The part where it works for a prosaic setup seems wrong (because of inner alignment issues (although I see you cited my post in a footnote about this, thanks!)), but this isn’t what the shutdown problem is about so it isn’t an issue if it doesn’t apply directly to prosaic setups.
- EJT 5 Apr 2024 11:28 UTC
  2 points
  1
  Parent
  it’ll take a lot of effort for me to read properly (but I will, hopefully in about a week).
  Nice, interested to hear what you think!
  I think it’s easy to miss ways that a toy model of an incomplete-preference-agent might be really incompetent.
  Yep agree that this is a concern, and I plan to think more about this soon.
  putting all the hardness into an assumed-adversarially-robust button-manipulation-detector or self-modification-detector etc.
  Interested to hear more about this.
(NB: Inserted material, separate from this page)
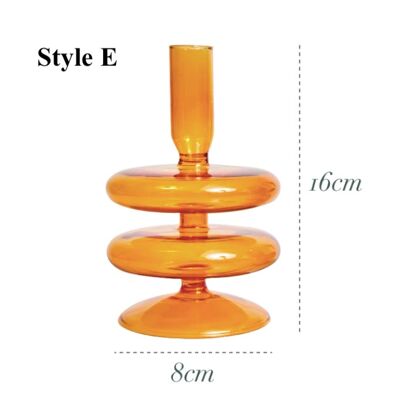 Orange Glass Candlesticks / Vase - Style E / sku193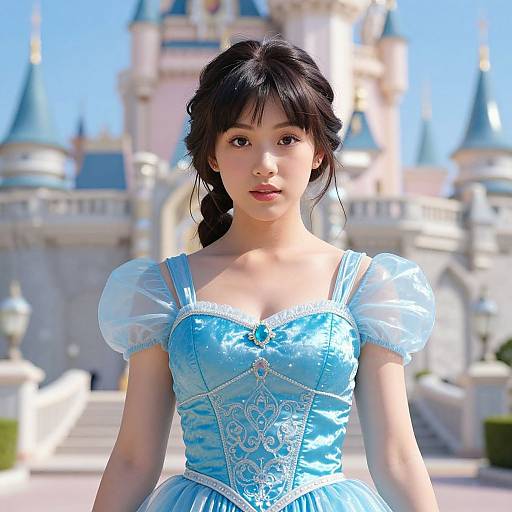 Photograph of an Asian woman with fair skin and black hair in a blue Disney princess dress, standing in front of a brightly colored, castle-like backdrop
I’m not sure exactly what you mean by ‘detector’, but I don’t think my proposal requires either of these. The agent won’t try to manipulate the button, because doing so is timestep-dominated by not doing so. And the agent won’t self-modify in ways that stop it being shutdownable, again because doing so is timestep-dominated by not doing so. I don’t think we need a detector in either case.
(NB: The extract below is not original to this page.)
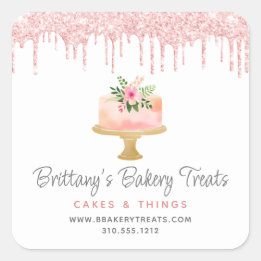 Sticker Carré Pâtisserie Gâteau Rose Pâle Paillettes Gouttes Che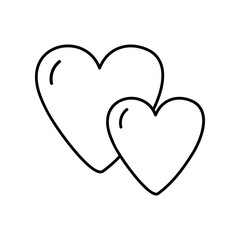 Cute doodle hearts clipart. Hand drawn doodle illustration.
  because of inner alignment issues
  I argue that my proposed training regimen largely circumvents the problems of goal misgeneralization and deceptive alignment. On goal misgeneralization, POST and TD seem simple. On deceptive alignment, agents trained to satisfy POST seem never to get the chance to learn to prefer any longer trajectory to any shorter trajectory. And if the agent doesn’t prefer any longer trajectory to any shorter trajectory, it has no incentive to act deceptively to avoid being made to satisfy TD.
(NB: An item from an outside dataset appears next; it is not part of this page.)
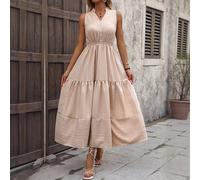 Abito Estivo Albicocca Senza Maniche Vita Alta Elegante Tempo Libero CF45141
  this isn’t what the shutdown problem is about so it isn’t an issue if it doesn’t apply directly to prosaic setups
  I’m confused about this. Why isn’t it an issue if some proposed solution to the shutdown problem doesn’t apply directly to prosaic setups? Ultimately, we want to implement some proposed solution, and it seems like an issue if we can’t see any way to do that using current techniques.
- ryan_greenblatt 3 Apr 2024 18:20 UTC
  2 points
  1
  Parent
  
  but this isn’t what the shutdown problem is about so it isn’t an issue if it doesn’t apply directly to prosaic setups.
  
  Fair enough, though the post itself does claim prosaic applications.